## EXERCISE REQUIREMENTS
Give every line of the material back exactly, images removed.

## SUPPLIED DATA
-*-*-

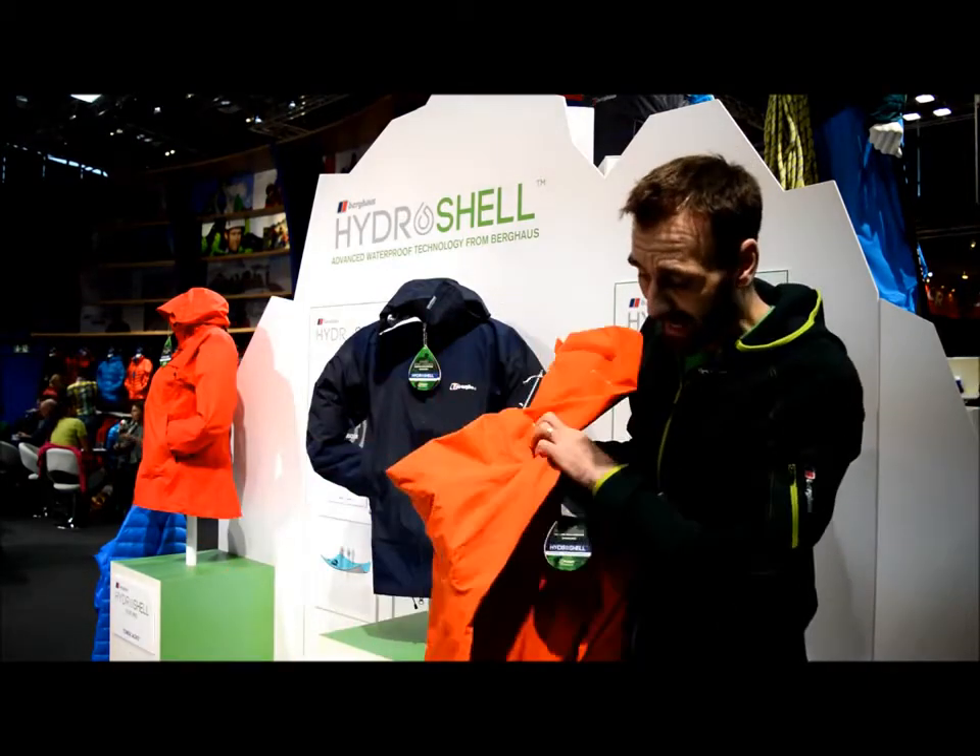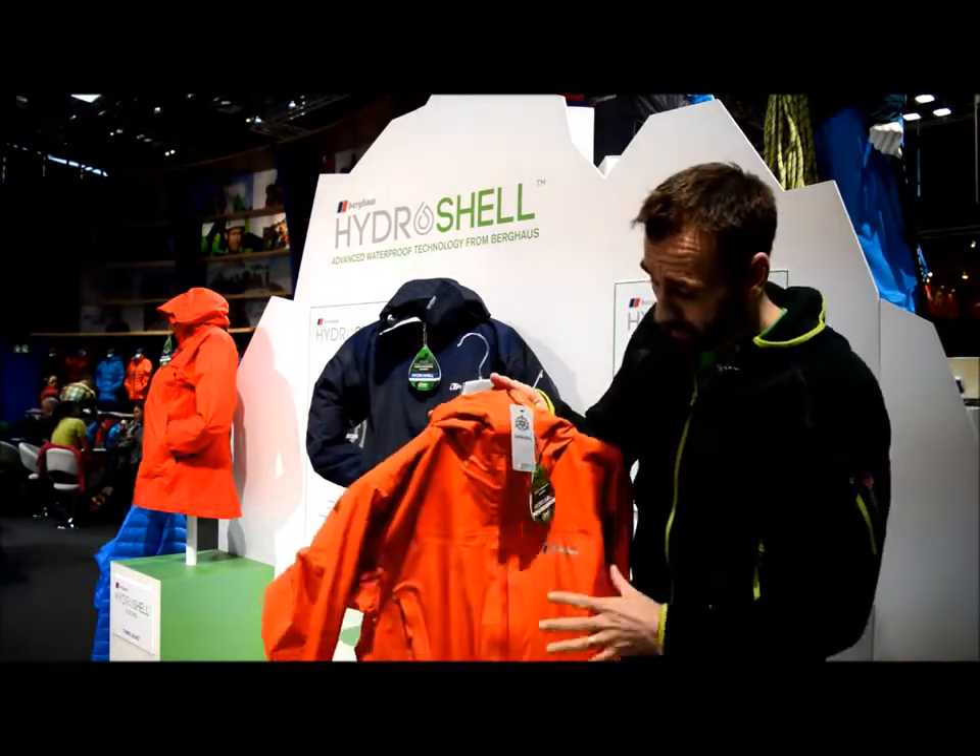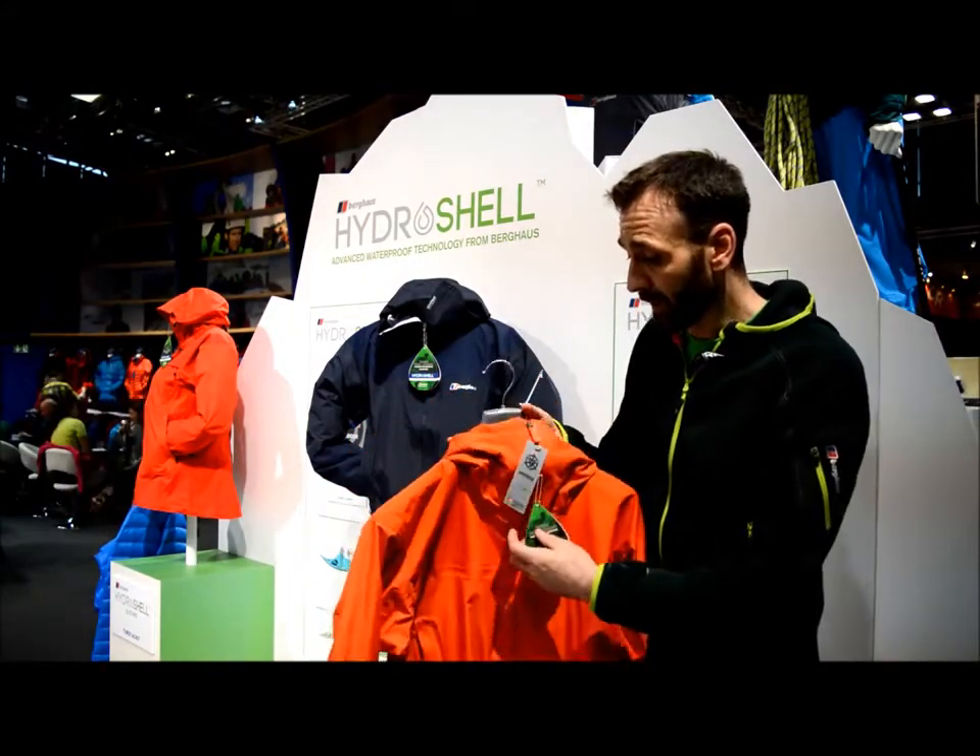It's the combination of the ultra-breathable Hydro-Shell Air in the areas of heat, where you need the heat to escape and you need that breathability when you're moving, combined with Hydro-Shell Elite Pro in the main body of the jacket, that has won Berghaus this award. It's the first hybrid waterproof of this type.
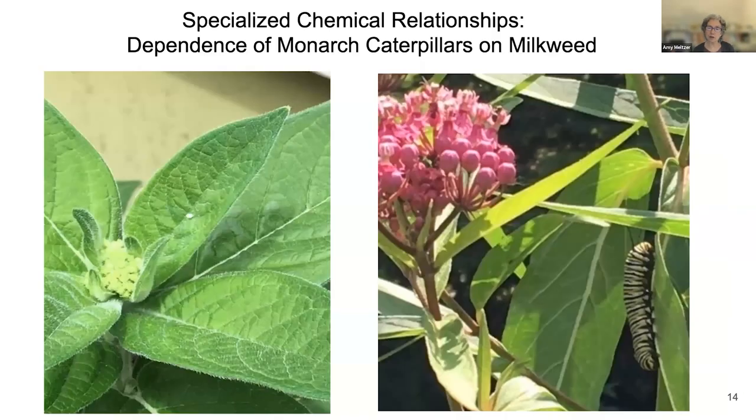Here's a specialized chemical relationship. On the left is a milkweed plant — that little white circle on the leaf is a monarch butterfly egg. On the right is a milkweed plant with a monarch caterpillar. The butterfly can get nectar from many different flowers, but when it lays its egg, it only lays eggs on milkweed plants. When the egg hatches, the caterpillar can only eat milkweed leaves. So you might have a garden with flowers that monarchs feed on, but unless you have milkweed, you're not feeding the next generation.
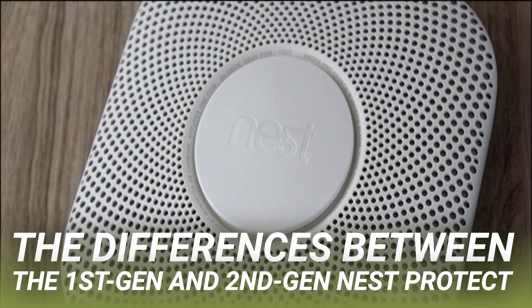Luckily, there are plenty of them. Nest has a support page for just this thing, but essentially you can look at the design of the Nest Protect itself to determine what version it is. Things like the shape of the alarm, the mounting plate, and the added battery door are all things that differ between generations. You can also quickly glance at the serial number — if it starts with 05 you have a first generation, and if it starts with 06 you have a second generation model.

-*-*-

## EXERCISE RESPONSE
It's the combination of the ultra-breathable Hydro-Shell Air in the areas of heat, where you need the heat to escape and you need that breathability when you're moving, combined with Hydro-Shell Elite Pro in the main body of the jacket, that has won Berghaus this award. It's the first hybrid waterproof of this type.
Here's a specialized chemical relationship. On the left is a milkweed plant — that little white circle on the leaf is a monarch butterfly egg. On the right is a milkweed plant with a monarch caterpillar. The butterfly can get nectar from many different flowers, but when it lays its egg, it only lays eggs on milkweed plants. When the egg hatches, the caterpillar can only eat milkweed leaves. So you might have a garden with flowers that monarchs feed on, but unless you have milkweed, you're not feeding the next generation.
Luckily, there are plenty of them. Nest has a support page for just this thing, but essentially you can look at the design of the Nest Protect itself to determine what version it is. Things like the shape of the alarm, the mounting plate, and the added battery door are all things that differ between generations. You can also quickly glance at the serial number — if it starts with 05 you have a first generation, and if it starts with 06 you have a second generation model.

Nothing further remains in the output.